L'ambre est une résine d'arbre translucide, fossilisée au cours de millions d'années, et dont la couleur varie du jaune pâle au marron foncé. Elle est souvent utilisée en tant que gemme dans l'orfèvrerie.
Portés par une demande accrue en Chine, les prix de l'ambre ont quadruplé ces dernières années, ce qui a dopé la production illégale en Ukraine, avec de graves conséquences pour l'environnement.
Police bloquée
Seules quatre tonnes d'ambre ont été exploitées légalement en Ukraine en 2015, selon les données les plus récentes disponibles. Une quantité négligeable par rapport à la production illégale estimée entre 120 et 300 tonnes, rachetée par des contrebandiers.
L'ampleur du fléau est telle que Kiev, déjà en proie à un conflit avec des séparatistes prorusses dans l'Est, a mobilisé en 2015 et 2016 à plusieurs reprises sa Garde nationale dans les lieux les plus touchés, pour intervenir face à prospecteurs illégaux qui bouclaient des zones entières et empêchaient l'accès de la police.
«L'Etat enregistre un manque à gagner énorme. De plus, on peut d'ores et déjà parler d'un désastre environnemental», a déclaré à l'AFP le Service d'Etat ukrainien pour la géologie.
Travaillant par groupes de cinq à dix personnes, les mineurs utilisent de puissantes pompes artisanales et de larges tuyaux pour envoyer de l'eau jusqu'à dix mètres sous le sol, faisant remonter un mélange d'argile, de sable et de pierres, dont ils extraient au final l'ambre.
Cette méthode provoque l'érosion des sols fertiles au point que les arbres ne peuvent plus y pousser.
Les prospecteurs illégaux ont également déforesté de larges pans boisés pour faciliter l'accès aux sites riches en ambre.
«Certaines personnes vivent ici sous le seuil de pauvreté», explique à l'AFP Oleg, un mineur illégal de 28 ans, qui a exercé ce métier pendant quatre mois en 2016 dans sa région natale de Jitomir.
C'est l'appât du gain rapide et important qui les pousse vers cette prospection illégale.

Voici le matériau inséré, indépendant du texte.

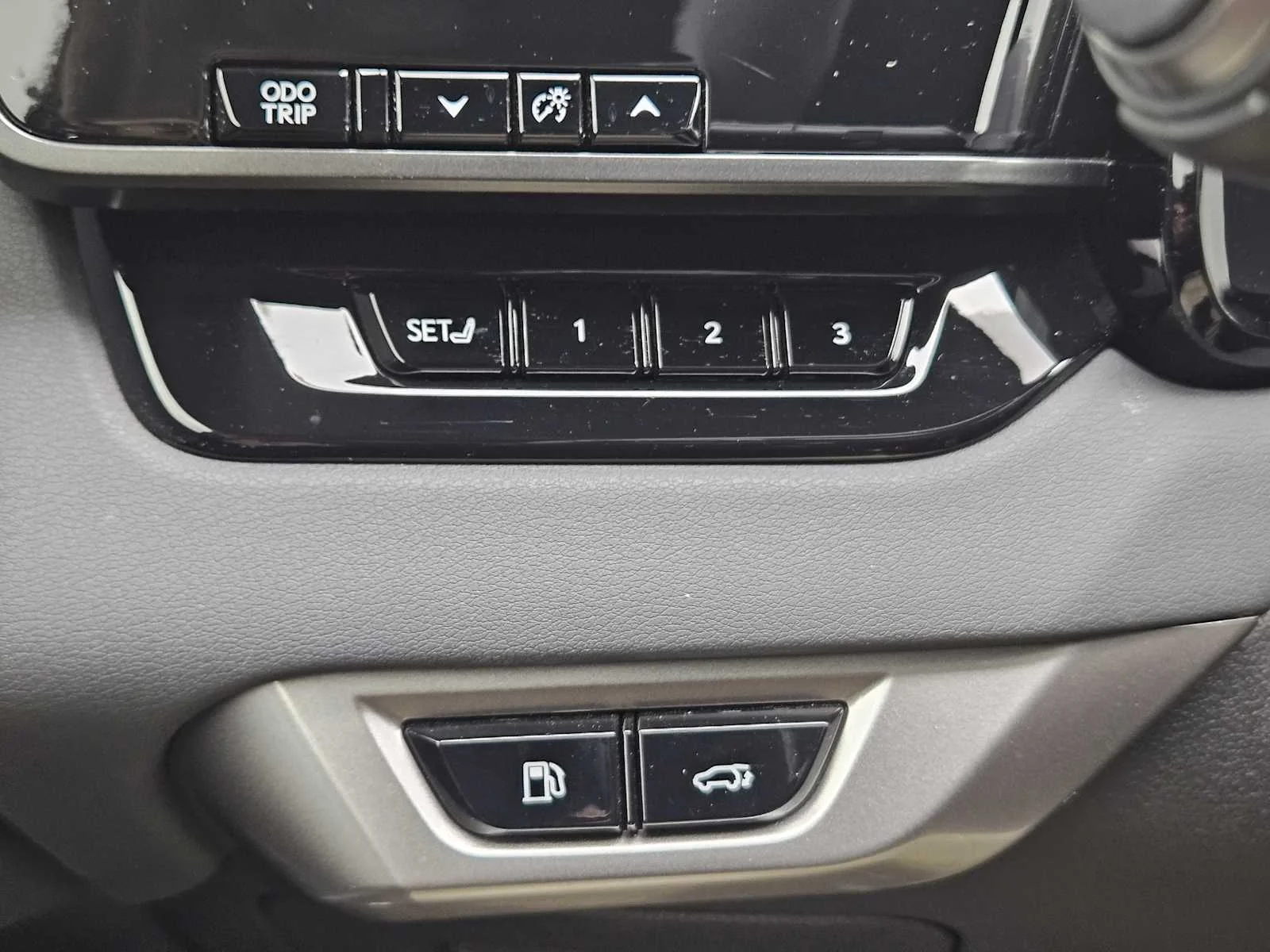 Used 2025 Iridium Lexus Premium image 17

Elle rapportait à Oleg environ 250 euros en cinq jours, contre un salaire mensuel de 6.000 hryvnias (187 euros) dans son ancienne profession d'employé à Kiev.
«J'avais peur en permanence, mais l'adrénaline et le goût de l'argent ont compensé toutes mes craintes», témoigne-t-il, refusant de donner son nom de famille.
«Dégâts irréversibles»
Volodymyr Korkoch dirige une équipe d'environ 200 policiers envoyés en renfort depuis mars dans la région de Rivné. La traque des mineurs illégaux donne cependant peu de résultats : le temps d'accéder aux zones d'extraction illégales, souvent éloignées, les contrebandiers ont généralement déjà disparu.
Mais «nous menons des opérations sur les sites de minage illégal et documentons les infractions. Et lorsque nous venons, au moins, la prospection s'arrête», explique M. Korkoch à l'AFP. Il se tient devant un trou récemment creusé, arrivé une fois encore quelques minutes trop tard pour attraper les responsables.
L'ambre peut rapporter jusqu'à 30 dollars par gramme selon sa qualité, souligne Serguiï Martiniouk, vice-directeur de la seule entreprise publique d'extraction de la résine en Ukraine. La prospection illégale via des jets d'eau à haute pression fissure toutefois la résine, ce qui abaisse son prix.
Face à la crise, Kiev envisage de légaliser la prospection à condition notamment que les mineurs paient des impôts et qu'on tende vers un procédé moins dommageable pour l'environnement.
Un projet de loi censé simplifier la procédure très complexe de délivrance des permis d'exploitation est toutefois encore bloqué au Parlement.
«Le texte ne résoudra sans doute pas tous les problèmes d'un coup», concède le vice-gouverneur de la région de Rivné, Igor Tymochenko. Il pourrait néanmoins «créer des emplois légaux». Et, espère-t-il, «changer les méthodes de prospection actuelles, qui causent des dégâts irréversibles aux terres de la région».